WHAT TO PRODUCE » Only some lines are wanted. Transcribe, exactly, the lines below from the line with "Bán Biệt Thự" up to and including the line with "Dieses seltene meuble".
_ _ _ _ _ _ _
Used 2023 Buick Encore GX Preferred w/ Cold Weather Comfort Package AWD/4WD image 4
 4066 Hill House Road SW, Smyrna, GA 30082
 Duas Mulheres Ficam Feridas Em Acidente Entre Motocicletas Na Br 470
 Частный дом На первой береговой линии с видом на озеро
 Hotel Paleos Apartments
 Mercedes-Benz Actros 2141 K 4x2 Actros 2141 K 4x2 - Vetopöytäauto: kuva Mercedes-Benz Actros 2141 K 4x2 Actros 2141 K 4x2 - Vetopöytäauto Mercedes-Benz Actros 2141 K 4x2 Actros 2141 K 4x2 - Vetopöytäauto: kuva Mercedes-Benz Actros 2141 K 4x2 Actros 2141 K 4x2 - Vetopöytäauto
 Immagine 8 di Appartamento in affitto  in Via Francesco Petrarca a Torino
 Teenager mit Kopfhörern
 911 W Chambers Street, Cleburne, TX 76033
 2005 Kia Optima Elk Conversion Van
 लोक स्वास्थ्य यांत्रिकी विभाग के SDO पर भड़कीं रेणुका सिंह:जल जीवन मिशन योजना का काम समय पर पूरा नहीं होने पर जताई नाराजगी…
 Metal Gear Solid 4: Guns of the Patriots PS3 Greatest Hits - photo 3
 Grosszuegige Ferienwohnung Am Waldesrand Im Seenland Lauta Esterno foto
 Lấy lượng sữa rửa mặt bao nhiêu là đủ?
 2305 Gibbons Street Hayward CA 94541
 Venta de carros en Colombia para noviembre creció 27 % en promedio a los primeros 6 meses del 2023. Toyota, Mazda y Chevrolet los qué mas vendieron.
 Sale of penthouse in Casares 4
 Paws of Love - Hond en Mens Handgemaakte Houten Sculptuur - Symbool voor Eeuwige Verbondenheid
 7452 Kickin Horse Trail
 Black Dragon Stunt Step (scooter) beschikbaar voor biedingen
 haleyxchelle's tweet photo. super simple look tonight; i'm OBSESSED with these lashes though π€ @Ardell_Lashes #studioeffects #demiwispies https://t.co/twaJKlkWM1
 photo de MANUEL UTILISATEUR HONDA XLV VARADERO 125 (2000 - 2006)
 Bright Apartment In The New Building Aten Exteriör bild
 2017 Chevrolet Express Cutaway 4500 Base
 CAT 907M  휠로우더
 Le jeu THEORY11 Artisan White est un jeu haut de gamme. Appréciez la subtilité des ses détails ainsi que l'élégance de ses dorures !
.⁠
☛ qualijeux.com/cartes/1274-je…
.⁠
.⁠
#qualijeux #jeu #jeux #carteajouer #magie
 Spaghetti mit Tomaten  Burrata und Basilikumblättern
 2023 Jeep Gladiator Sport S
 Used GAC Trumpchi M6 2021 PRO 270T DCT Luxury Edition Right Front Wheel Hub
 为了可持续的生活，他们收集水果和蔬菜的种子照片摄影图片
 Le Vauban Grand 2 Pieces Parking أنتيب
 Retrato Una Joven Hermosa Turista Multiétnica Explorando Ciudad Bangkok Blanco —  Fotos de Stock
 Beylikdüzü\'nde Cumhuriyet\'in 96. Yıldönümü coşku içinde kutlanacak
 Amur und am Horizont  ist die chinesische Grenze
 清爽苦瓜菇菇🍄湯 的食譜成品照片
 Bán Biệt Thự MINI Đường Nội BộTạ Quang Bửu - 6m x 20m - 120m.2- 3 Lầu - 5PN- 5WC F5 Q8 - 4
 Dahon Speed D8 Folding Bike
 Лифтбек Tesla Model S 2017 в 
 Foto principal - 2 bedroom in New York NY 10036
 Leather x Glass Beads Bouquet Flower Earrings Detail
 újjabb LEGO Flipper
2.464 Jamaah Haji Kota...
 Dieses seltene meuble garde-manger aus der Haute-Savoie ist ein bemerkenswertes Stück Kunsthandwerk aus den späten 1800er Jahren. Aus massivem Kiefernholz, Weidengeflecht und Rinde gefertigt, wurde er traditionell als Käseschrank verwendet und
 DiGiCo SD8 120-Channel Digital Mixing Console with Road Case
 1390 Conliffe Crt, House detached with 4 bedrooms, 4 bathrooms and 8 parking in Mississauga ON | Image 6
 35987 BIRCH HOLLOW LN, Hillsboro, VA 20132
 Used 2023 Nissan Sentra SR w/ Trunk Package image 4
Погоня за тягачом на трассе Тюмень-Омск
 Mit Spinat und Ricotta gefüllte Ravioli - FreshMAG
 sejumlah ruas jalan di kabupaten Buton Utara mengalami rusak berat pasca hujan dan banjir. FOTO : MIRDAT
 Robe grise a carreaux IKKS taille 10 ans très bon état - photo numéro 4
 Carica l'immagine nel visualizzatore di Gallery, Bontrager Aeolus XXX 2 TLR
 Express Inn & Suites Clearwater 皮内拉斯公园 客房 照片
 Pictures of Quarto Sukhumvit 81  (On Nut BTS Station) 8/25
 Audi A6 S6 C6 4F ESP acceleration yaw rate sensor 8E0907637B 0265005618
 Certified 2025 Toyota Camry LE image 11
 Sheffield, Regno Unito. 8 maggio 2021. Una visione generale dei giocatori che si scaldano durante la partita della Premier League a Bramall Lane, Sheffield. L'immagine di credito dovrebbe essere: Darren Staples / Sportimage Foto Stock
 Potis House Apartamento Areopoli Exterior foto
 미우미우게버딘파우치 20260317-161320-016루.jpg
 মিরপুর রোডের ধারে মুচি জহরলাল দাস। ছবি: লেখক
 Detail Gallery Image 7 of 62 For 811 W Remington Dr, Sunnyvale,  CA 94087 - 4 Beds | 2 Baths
_ _ _ _ _ _ _
REPLY »
 Bán Biệt Thự MINI Đường Nội BộTạ Quang Bửu - 6m x 20m - 120m.2- 3 Lầu - 5PN- 5WC F5 Q8 - 4
 Dahon Speed D8 Folding Bike
 Лифтбек Tesla Model S 2017 в 
 Foto principal - 2 bedroom in New York NY 10036
 Leather x Glass Beads Bouquet Flower Earrings Detail
 újjabb LEGO Flipper
2.464 Jamaah Haji Kota...
 Dieses seltene meuble garde-manger aus der Haute-Savoie ist ein bemerkenswertes Stück Kunsthandwerk aus den späten 1800er Jahren. Aus massivem Kiefernholz, Weidengeflecht und Rinde gefertigt, wurde er traditionell als Käseschrank verwendet und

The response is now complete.